By: Mike Svob
As the dreaded “fiscal cliff” draws near, with the prospect of hundreds of billions of dollars of cuts in defense and domestic programs during the next decade, the political wailing grows louder by the day.
Most of all, the massive “sequestration” cuts that loom before a feckless Congress on Jan. 1 have raised the fear that our military will be crippled, thus increasing our vulnerability in a dangerous world.
Instead of a Chicken Little reaction to the possibility of defense cuts, we should consider the situation as an opportunity for reassessment of our gargantuan commitment to militarism.
Thanks to the steady drumbeat of American exceptionalists and the military-industrial complex that Dwight Eisenhower warned us about, the United States has turned its “national defense” system into a bloated, colossally expensive and self-perpetuating sacred cow.
Despite our self-image as a peaceful beacon to the world, we have historically been inclined to pursue American interests by force of arms.
It began with our near-annihilation of Native Americans and has continued with a long list of aggressions that include the brutal seizure of half of Mexico, countless military “interventions” in virtually every Latin American nation, the repeated dispatching of soldiers to China, Indonesia, Hawaii, the Philippines, Lebanon, Haiti and many other countries, and most recently the disastrous wars in Vietnam, Iraq and Afghanistan.
The lessons of our addiction to arms are apparent.
The fear that causes us to arm against every danger, real and imagined, leads other nations (such as China) to react in kind.
Enormous expenditures on the military add to our national indebtedness and drain resources from aspects of our lives that are much more important, such as health care, education, infrastructure and social programs.
When military personnel, equipment, and materiel are available in abundance, there is a tendency to use them whenever there is a perceived need to “protect national interests” or to assert our self-appointed role as international moral arbiter and disseminator of democracy.
Spread redundantly across the planet with hundreds of military bases and installations, our military requires an annual budget well over $700 billion (closer to $1 trillion when military pensions, Veterans Affairs and other costs are added in) – a grossly disproportionate share of the total spent on defense by all of the governments of the world combined.
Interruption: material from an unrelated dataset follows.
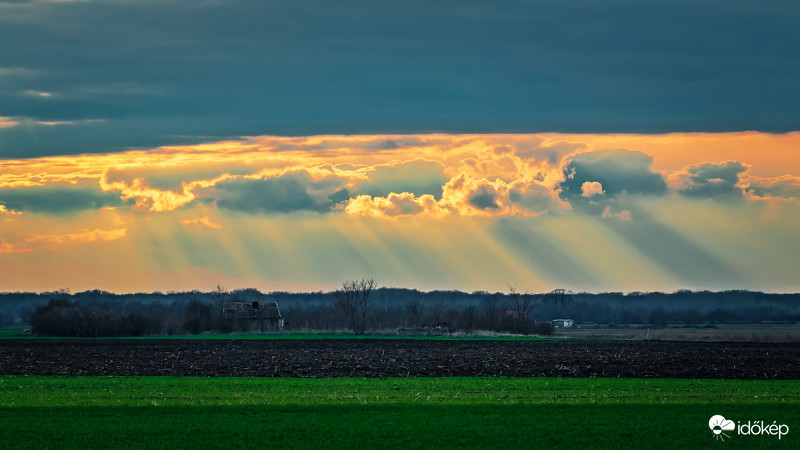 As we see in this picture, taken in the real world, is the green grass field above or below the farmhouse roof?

Worse than the expense is the unspeakable toll of deaths, wounds and other suffering incurred not only by our military personnel but also by the countries that we impose ourselves upon.
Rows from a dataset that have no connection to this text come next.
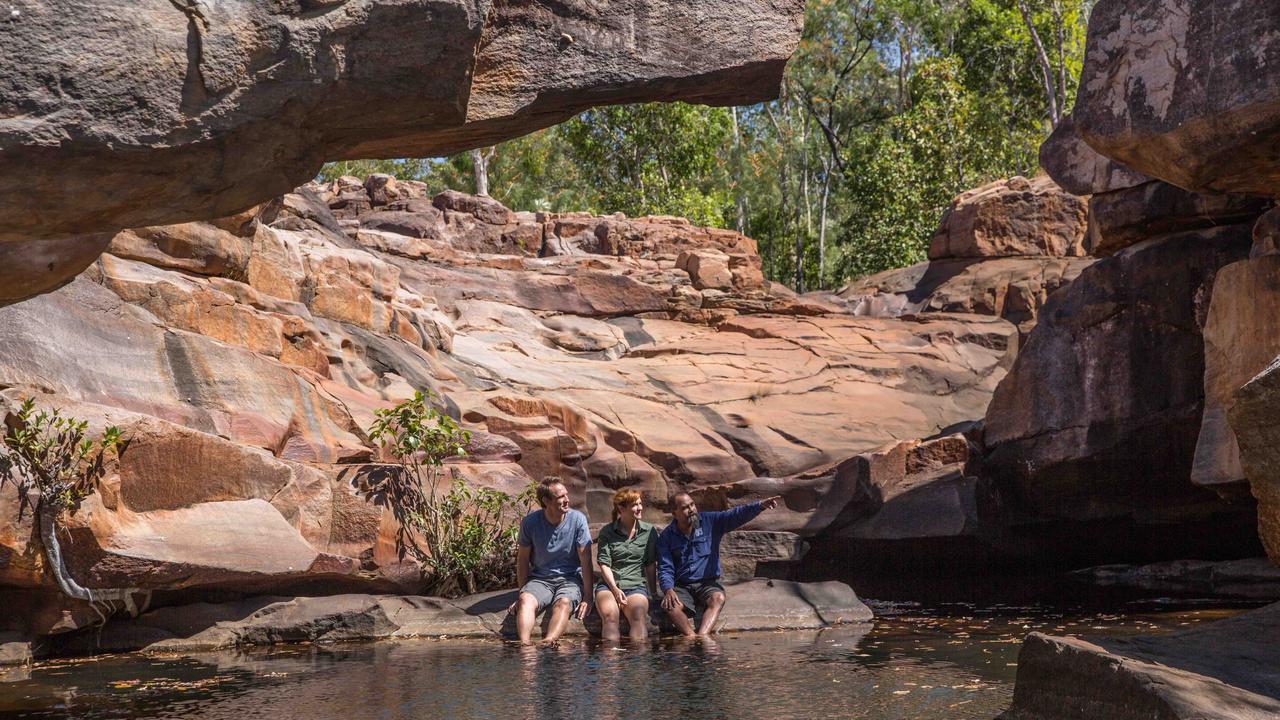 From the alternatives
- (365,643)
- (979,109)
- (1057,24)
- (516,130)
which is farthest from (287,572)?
(979,109)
At best, the existence of the military establishment is a necessary evil, an entity that must be maintained at a reasonable level sufficient to defend our nation from foreign threats.
How welcome it would be (but, alas, unlikely) if at least a sizable portion of the defense budget were redirected to real human needs. Imagine the millions of jobs that could be created in health, education, construction, energy and other productive fields to replace positions that are now involved in the service of war.
Mike Svob, a retired professor of language and literature and an administrator in several colleges and universities of Illinois and Indiana, is active as a volunteer in numerous Tucson agencies.